Below is a list of the minimal standards essential for students' successful future learning in mathematics. The essential minimum requirements provide the basis on which individual support plans will be devised.

### Essential minimum requirements at the end of grade 2

The student must:

• be able to add and subtract numbers to 100 (when crossing ten, concrete materials and written calculation strategies may be used).
• have memorised addition facts up to 20 and their inversions.
• have memorised the core multiplication facts up to 100 and their inversions.
• be able to deduce other multiplication and division facts using the core facts or using other strategies to work them out.
• demonstrate basic skills of dealing with data (measuring lengths, representing the value of money, reading time).

### Essential minimum requirements at the end of grade 4

The student must:

• have memorised addition and subtraction facts up to 20 and multiplication facts and their inversions up to 100 (end of first semester of grade 3).
• understand written addition, subtraction, multiplication and division strategies and be able to use them.
• demonstrate basic knowledge of money, length, time, weight and volume (mm, cm, dm, m, km, d, h, s, min, t, kg, lbs, gr, l, ml, Euro, Cent).
• demonstrate basic geometrical skills such as drawing, dissection and construction, symmetry.
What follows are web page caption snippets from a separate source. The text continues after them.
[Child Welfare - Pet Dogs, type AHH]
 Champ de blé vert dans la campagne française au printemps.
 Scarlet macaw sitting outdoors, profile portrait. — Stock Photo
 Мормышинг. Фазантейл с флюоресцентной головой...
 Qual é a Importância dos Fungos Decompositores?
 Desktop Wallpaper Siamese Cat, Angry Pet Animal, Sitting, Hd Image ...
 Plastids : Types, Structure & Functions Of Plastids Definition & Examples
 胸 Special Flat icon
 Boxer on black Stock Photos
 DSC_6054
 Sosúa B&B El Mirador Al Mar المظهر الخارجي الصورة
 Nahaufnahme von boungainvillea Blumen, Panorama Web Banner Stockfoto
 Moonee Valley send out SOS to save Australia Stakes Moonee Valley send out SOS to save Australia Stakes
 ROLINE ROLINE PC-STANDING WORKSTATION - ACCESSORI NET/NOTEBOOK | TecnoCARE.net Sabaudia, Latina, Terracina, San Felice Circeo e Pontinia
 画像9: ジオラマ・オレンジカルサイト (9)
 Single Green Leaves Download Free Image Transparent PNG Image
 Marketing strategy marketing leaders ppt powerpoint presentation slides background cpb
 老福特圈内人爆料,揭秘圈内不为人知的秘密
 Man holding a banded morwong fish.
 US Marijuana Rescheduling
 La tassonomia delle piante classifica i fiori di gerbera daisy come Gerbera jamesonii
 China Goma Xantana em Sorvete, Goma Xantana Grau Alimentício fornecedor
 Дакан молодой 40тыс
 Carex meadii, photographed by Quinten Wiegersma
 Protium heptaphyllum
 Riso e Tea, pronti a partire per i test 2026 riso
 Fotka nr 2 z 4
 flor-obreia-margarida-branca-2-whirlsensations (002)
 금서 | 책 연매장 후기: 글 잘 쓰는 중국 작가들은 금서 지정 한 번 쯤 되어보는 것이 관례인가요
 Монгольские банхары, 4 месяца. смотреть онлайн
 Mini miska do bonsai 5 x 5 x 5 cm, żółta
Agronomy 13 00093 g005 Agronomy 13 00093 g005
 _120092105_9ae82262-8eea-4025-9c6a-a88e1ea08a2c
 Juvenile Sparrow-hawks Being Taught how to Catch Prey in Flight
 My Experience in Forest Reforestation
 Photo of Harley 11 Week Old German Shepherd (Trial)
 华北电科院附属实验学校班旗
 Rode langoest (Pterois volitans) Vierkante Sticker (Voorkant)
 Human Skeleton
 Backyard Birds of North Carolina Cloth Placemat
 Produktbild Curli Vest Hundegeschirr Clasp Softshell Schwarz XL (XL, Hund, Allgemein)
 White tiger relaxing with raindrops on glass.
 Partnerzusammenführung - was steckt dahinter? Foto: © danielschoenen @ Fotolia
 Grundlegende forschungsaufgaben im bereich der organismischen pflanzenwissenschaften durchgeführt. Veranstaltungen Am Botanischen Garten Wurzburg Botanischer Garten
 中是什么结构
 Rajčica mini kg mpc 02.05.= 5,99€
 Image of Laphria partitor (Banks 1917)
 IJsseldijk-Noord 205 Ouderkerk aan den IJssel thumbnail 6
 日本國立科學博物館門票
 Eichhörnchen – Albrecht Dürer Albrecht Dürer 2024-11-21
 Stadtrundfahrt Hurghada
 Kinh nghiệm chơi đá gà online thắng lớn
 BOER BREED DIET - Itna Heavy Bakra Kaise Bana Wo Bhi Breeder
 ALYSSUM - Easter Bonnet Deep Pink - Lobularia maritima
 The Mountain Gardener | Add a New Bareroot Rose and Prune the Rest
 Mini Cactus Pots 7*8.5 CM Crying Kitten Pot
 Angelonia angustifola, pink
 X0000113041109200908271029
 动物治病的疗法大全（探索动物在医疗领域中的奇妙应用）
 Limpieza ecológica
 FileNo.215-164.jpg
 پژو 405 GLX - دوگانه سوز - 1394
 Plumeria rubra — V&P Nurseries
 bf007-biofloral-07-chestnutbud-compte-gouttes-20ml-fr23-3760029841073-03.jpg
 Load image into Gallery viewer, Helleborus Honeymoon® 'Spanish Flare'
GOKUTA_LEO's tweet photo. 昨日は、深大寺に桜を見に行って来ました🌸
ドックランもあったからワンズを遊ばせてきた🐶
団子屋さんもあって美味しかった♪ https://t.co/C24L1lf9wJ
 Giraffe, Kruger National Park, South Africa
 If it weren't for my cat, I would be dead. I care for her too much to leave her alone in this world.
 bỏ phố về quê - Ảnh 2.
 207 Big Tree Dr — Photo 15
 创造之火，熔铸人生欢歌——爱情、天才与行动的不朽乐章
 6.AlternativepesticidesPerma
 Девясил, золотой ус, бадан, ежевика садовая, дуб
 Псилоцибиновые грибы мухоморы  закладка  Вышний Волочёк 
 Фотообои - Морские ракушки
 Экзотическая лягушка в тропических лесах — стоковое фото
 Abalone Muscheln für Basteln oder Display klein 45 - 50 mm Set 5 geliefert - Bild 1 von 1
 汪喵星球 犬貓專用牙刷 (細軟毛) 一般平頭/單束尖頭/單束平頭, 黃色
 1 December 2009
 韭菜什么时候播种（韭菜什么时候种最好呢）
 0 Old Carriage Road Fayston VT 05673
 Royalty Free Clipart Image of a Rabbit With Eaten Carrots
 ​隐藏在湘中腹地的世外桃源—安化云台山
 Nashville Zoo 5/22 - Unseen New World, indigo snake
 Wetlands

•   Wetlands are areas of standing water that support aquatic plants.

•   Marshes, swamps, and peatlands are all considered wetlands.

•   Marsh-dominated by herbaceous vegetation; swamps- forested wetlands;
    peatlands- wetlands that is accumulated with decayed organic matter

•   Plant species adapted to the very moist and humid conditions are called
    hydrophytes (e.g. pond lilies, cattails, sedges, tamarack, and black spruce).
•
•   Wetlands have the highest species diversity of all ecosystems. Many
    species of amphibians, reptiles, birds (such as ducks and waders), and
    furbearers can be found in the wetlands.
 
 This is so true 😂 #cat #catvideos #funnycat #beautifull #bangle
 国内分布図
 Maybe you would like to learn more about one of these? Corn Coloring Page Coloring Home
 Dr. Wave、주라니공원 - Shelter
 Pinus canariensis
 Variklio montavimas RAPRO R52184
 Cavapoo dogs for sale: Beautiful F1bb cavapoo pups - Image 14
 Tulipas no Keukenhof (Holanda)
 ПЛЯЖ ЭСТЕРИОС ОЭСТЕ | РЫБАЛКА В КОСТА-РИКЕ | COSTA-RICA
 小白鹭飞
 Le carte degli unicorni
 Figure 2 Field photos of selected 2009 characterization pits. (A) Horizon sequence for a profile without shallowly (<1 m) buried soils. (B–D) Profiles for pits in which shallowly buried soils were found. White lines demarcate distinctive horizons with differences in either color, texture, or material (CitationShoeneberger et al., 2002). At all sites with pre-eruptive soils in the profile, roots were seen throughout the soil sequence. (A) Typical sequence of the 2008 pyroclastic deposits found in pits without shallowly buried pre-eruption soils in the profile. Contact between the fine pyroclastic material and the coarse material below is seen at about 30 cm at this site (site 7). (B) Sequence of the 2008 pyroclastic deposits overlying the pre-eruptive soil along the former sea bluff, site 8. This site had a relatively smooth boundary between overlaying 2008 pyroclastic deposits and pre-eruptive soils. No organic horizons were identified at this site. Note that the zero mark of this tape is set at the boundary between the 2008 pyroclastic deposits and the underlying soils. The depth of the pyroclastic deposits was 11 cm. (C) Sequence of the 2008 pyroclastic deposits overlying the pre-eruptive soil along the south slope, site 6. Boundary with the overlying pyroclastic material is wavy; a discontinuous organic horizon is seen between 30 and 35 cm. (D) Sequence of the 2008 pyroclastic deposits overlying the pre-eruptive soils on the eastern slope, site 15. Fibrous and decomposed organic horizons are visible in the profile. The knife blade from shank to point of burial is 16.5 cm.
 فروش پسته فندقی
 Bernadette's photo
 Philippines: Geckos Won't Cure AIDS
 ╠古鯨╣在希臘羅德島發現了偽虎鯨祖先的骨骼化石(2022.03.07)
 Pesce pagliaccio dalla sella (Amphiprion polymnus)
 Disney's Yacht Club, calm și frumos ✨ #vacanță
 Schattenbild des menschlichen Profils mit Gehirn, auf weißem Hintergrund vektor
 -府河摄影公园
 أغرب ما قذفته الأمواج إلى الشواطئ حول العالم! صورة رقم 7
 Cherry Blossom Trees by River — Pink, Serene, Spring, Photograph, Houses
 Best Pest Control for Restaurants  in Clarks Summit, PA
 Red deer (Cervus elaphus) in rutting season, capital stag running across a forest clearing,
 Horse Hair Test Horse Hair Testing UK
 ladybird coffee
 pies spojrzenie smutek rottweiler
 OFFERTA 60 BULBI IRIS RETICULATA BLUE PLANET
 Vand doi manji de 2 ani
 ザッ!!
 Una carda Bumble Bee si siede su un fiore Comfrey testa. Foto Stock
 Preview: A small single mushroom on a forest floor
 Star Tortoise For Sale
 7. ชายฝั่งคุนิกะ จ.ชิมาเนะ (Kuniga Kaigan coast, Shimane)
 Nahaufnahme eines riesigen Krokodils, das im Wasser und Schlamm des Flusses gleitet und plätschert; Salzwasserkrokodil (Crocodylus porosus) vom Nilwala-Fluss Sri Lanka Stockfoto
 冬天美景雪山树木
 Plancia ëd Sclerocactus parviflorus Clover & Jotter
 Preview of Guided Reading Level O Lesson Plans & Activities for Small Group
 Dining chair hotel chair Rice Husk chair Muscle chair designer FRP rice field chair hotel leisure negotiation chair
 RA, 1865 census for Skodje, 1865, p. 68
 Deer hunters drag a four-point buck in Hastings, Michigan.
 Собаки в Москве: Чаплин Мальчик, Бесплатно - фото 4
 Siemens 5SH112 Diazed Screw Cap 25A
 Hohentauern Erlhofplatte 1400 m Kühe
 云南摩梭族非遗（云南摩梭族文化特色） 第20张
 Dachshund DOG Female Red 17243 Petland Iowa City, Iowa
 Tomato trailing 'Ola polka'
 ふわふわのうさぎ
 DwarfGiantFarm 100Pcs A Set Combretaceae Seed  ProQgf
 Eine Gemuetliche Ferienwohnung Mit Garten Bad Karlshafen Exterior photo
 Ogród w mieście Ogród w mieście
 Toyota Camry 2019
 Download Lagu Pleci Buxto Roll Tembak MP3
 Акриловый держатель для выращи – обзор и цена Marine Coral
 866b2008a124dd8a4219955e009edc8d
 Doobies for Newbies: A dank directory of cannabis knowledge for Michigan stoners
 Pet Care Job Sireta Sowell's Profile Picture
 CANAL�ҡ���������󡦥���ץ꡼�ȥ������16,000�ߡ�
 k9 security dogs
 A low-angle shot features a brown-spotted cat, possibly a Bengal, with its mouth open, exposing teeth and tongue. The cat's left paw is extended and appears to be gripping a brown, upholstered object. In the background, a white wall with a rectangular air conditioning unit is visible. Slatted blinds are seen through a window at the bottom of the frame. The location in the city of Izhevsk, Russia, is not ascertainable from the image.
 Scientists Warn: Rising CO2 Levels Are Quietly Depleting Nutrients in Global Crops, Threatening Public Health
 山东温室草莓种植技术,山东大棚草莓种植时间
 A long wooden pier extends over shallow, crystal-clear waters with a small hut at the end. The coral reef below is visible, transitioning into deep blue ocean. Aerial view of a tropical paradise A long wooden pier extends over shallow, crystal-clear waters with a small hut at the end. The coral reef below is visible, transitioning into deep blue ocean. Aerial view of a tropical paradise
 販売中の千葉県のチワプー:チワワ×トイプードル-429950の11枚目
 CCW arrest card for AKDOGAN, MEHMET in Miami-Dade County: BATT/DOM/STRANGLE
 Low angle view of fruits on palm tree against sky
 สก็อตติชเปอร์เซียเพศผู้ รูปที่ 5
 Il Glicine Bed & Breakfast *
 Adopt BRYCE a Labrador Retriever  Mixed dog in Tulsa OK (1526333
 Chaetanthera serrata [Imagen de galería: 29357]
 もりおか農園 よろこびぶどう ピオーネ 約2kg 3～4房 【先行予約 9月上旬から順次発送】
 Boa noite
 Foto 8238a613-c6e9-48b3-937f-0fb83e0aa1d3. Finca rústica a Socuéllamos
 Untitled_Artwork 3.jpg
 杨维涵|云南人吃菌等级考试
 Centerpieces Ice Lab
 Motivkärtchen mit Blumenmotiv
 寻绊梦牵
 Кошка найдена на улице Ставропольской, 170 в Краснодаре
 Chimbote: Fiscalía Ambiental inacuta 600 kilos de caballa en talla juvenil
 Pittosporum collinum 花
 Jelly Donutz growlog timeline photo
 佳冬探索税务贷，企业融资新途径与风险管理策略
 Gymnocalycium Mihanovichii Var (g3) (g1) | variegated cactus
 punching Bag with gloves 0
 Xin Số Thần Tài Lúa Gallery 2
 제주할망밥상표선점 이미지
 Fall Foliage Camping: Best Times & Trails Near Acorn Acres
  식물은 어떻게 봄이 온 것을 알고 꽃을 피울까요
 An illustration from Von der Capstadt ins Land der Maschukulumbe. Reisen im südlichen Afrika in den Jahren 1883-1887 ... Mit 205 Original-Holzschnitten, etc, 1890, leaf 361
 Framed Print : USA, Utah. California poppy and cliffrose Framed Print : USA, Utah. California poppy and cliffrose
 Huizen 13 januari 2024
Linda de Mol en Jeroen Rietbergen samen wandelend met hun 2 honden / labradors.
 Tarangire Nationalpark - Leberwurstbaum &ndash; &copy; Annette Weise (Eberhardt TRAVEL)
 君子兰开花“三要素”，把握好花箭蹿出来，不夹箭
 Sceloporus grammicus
### Essential minimum requirements at the end of grade 6

The student must:

• be able to use addition, subtraction, multiplication and division strategies with fractions; recognize and utilize links between these operations, understand and use equivalent fractions.
• be able to round and estimate numbers, taking into consideration the context of these numbers.
• demonstrate basic knowledge of money, length, time, weight, area and volume (eg. cm2, dm2, m2, a, ha, km2, mm3, cm3, dm3, m3, l, ml) and basic knowledge and skills needed to solve contextualised mathematical problems (e.g. measuring, estimating, comparing, converting, calculating.)
• be able to determine the area of two-dimensional shapes, volume of cubes and rectangular prisms.
• be able to name basic geometric shapes and describe their characteristics.
• be able to recognise and describe different types of angles, draw angles accurately and estimate the size of angles.
• be able to read and interpret data from texts, tables, pictures and diagrams.

Approved by the Mathematics Department.